For Creatives Seeking Emergent and Regenerative Future Foresight


Thought this week

Innovation is the child of freedom and the parent of prosperity.
Matt Ridley, author of How Innovation works

Revolve Evolve

Having attended the Future Fabrics Expo this week, I must say the quote by MIT Media Lab founder Nicholas Negroponte 'BioTech is the new Digital' has never rung so true. This week discover my Spur Magazine column inspired by Negroponte's foresight. It outlines the innovations across sectors and how much the Fashion industry must focus on making Biotech the norm. There is a lack of investment, scaling and collaborating with the health sector to name a key player.

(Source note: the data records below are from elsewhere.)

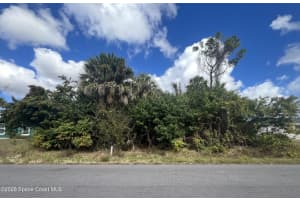 883 Serenade Street, Palm Bay, FL 32907 Sold 03/18/26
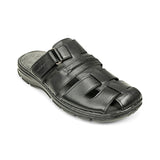 HUSH PUPPIES PORTLAND MENS HP SANDALS MENS SLIPPER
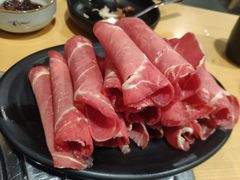 -大长今(唐人街店)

Yet a massive wave of pioneering solutions keep coming through showing we have everything in place to change the fashion system, from circularity platforms to transparency tools to regenerative farming to new material feedstocks. The Future Fabrics Expo grows every year, making it the largest show of its kind in the world. The momentum is palpable and undeniable so don't lose hope if the fashion (and creative industry I'm afraid) is still incredibly slow at scaling biotech, circularity and regenerative solutions. Remember: hope is a radical act of resistance, and to repeat our London Climate Action Week motto: Don’t tell me climate action isn’t happening. The revolution is here and has been for quite some time. The deck is in place. My column is a call to action: what are fashion brands waiting for? To be legislated? To be up against the wall? This is not just a financial or legislative issue, it's an excuse issue, whilst other markets sprint ahead of us. Do I need to mention the resources we pulled together in no time during the pandemic? Or how OpenAI changed the world and didn't wait to be legislated?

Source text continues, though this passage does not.